Bulan Oktober ini, untuk kali ketiga, Universitas Airlangga mengukuhkan guru besar baru. Kali ini, sebanyak lima guru besar dikukuhkan di Aula Garuda Mukti, pekan lalu. Pengukuhan guru besar itu menambah daftar panjang guru besar yang dimiliki UNAIR yaitu sebanyak 513.
Kelima guru besar yang dikukuhkan antara lain Prof Dr Kun Ismiyatin drg MKes SpKG(K) dari Fakultas Kedokteran Gigi, Prof Dr Seger Handoyo Drs MSi Psi dari Fakultas Psikologi, Prof Dr Raden Darmawan Setijanto drg MKes dari Fakultas Kedokteran Gigi, Prof Dr Dwikora Novembri Utomo dr SpOT(K) dari Fakultas Kedokteran, dan Prof Dr Hendrian Dwikoloso Soebagjo dr SpM(K) dari Fakultas Kedokteran.
Rektor UNAIR Prof Moh Nasih mengatakan, dengan dikukuhkannya kelima guru besar, akan menambah stabilitas kekuatan yang dimiliki UNAIR. Guru besar merupakan jabatan tertinggi dalam dunia akademik. “Jika sudah top level (jabatan di bidang akademik, Red), tidak akan ada lagi langkah tujuan lanjutan yang berkaitan dengan jabatan akademik,” ujar Rektor.
Oleh karenanya, lanjut Rektor, diharapkan para guru besar akan memberikan sumbangsih karya dan pemikirannya untuk almamater. Selain itu, Guru Besar Fakultas Ekonomi dan Bisnis (FEB) UNAIR itu mengimbau kepada seluruh guru besar untuk mampu bergerak melintas batas.
“Kemampuan melintas batas untuk berbicara multidisiplin menjadi kunci utama keerhasilan kita. Dunia ini berkembang luar biasa. Tidak langi mengikuti rumus linier. Tetapi mengikuti perubahan yang radikal dan fundamental. Dan itu tidak cukup hanya dipecahkan hanya menggunakan tool disiplin ilmu yang kita pelajari di bidang kita masing-masing,” ucap Rektor.
Tak hanya itu, rektor mengimbau masing-masing guru besar di bidang ilmu yang mereka tekuni harus berkolaborasi. Bukan hanya melintang batas, tapi melintas batas menjadi kebutuhan yang mutlak. “Kami berharap UNAIR dikenal secara internasional karena kontribusinya dalam persoalan universal dan kebermanfaatan manusia di dunia ini,” tambahnya.

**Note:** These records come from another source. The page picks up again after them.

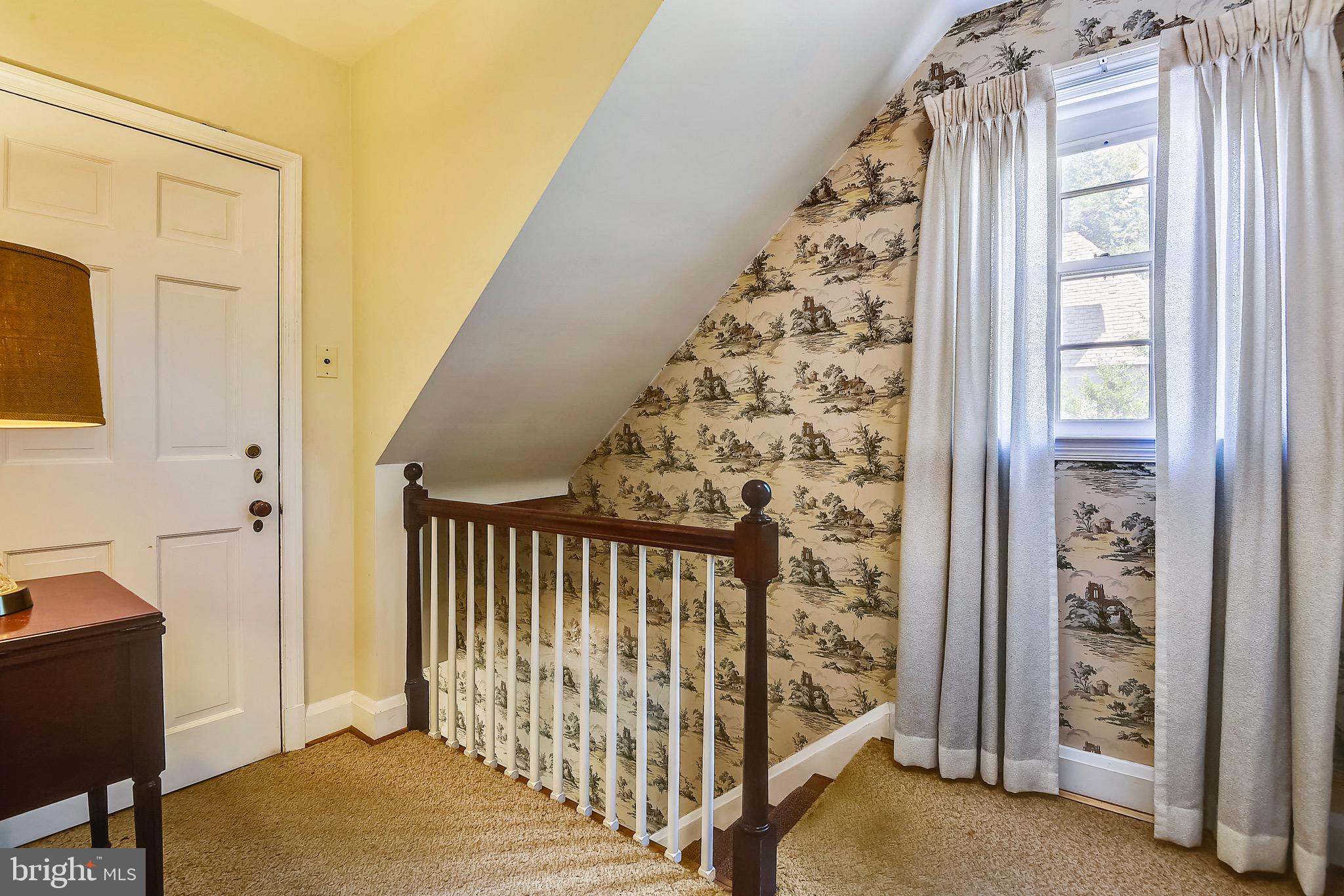 5105 Springlake Way Baltimore, MD 21212 - Photo 26 of 57 Gracious staircase and Attic doorway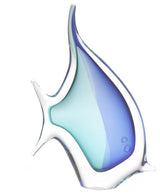Murano Glass Design Crystal Tropical Fish Aqua Blue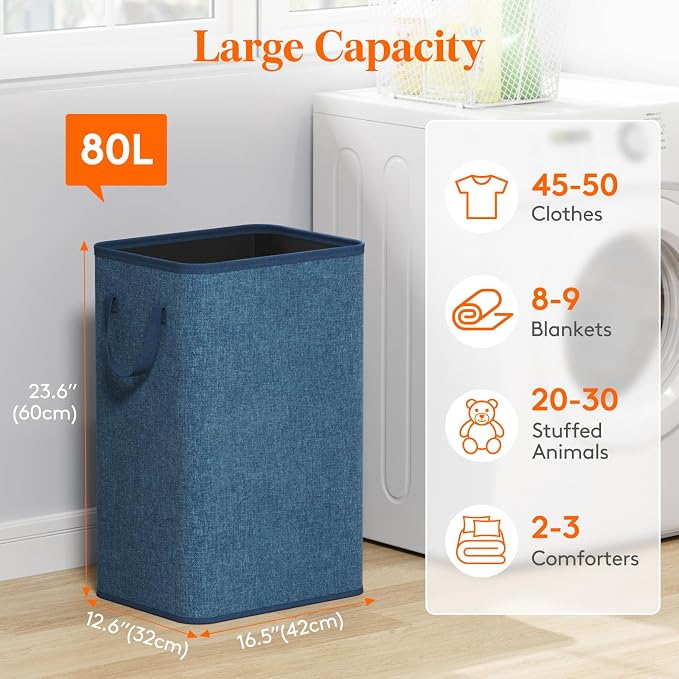 Lifewit 80L Large Tall Laundry Hamper, Collapsible Laundry Basket - Image 2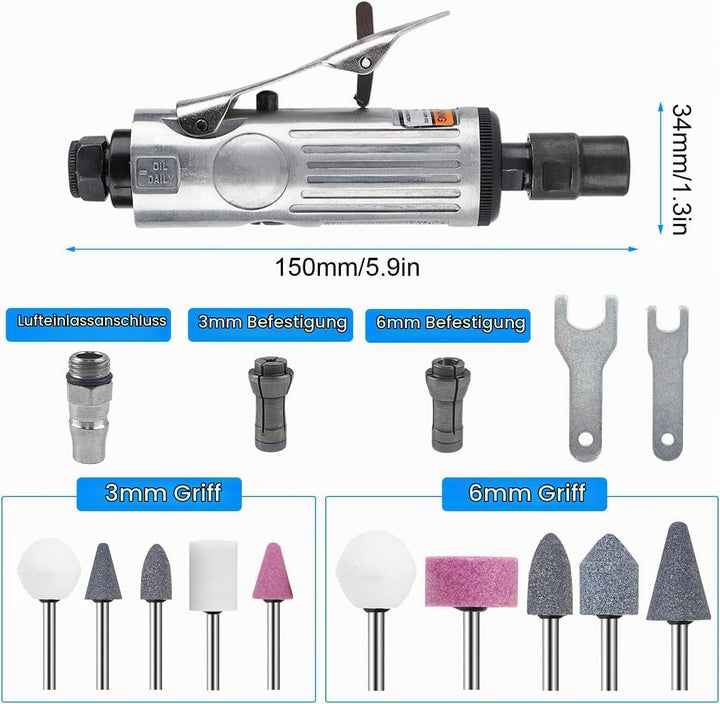 Druckluftschleifer-Set für Schleifen und Polieren, Mini Druckluft Poliermaschine, Stabschleifer Druc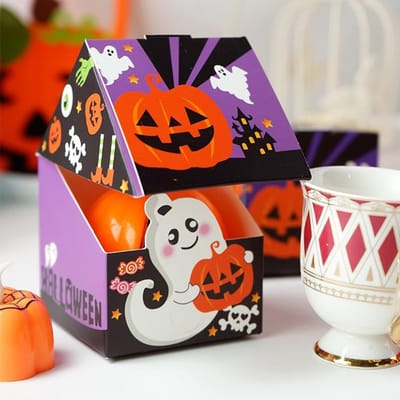 Lot de 10 boîtes d'emballage carrées pour Halloween, pour sucre, biscuits, tartes aux œufs, papier d'emballage créatif DIY 10pcs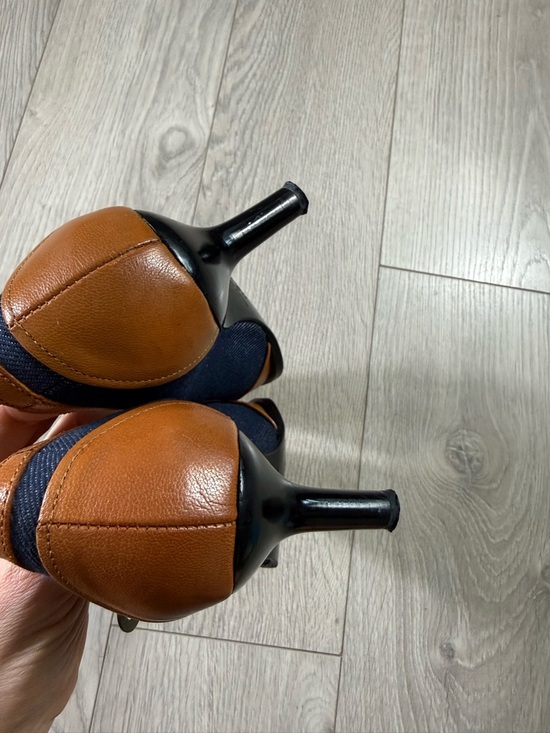 Vintage Y2K Kenzo Leather Denim Pointed Toe Heels - Picture 5 of 14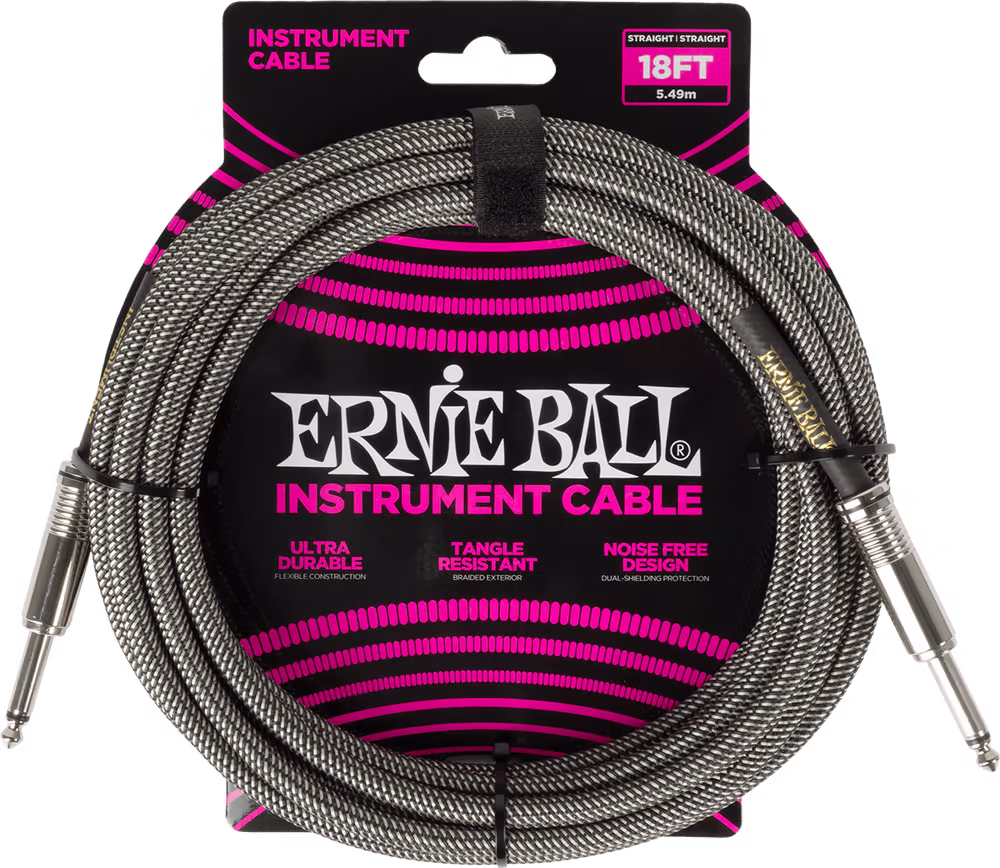 ERNIE BALL Cable Eb Instrumento Trenzado Jack-Jack Ss 5,5 M - Silver Fox EEB6433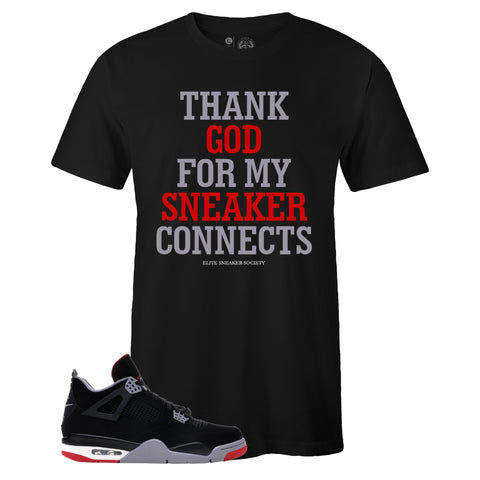 Black Crew Neck THANK GOD T-shirt To Match BRED 4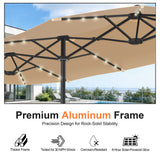 Patioslife Aegis Premium Motorized Double-Sided Patio Umbrella | Remote Control,UPF 50+ Canopy , Solar LEDs & Heavy-Duty Windproof Frame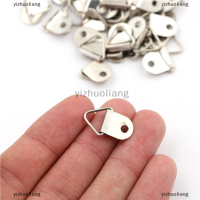 yizhuoliang 50pcs เงินสามเหลี่ยมกระจกแขวนสายคล้อง D-ring แขวนกรอบรูปตะขอ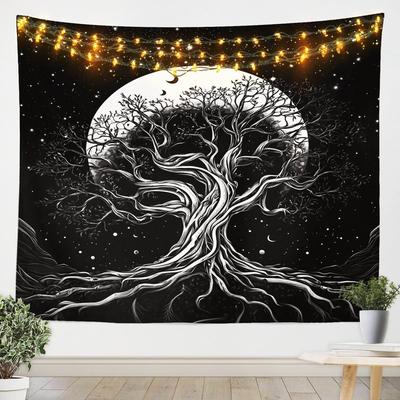Tree Of Life Tapestries Boho Galaxy Trippy Stars Moon Tapestry Wall Hanging For Kids Boys Girls AdultsBlack White Tree Of Life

Guru besar pertama, Prof Kun Ismiyatin, merupakan Guru Besar Fakultas Kedokteran Gigi aktif ke-28. Dalam orasi ilmiahnya, guru besar bidang Ilmu Konservasi Gigi itu memaparkan inovasi penggunaan Epigallocatechin-Gallate (EGCG) dan laser dioda sebagai terapi antibakteri dan penyembuhan karies gigi.
Guru besar kedua, Prof Seger Handoyo, merupakan Guru Besar Fakultas Psikologi aktif ke-5. Dalam orasi ilmiahnya, guru besar Ilmu Psikologi Industri dan Organisasi itu mengatakan bahwa saat ini perguruan tinggi tidak seperti kapal pesiar untuk berpelesir, namun layaknya organisasi bisnis yang diterjang perubahan dunia. Perubahan ini melaju dengan cepat, adaptasi dan improvisasi harus senantiasa dilakukan agar dapat bertahan.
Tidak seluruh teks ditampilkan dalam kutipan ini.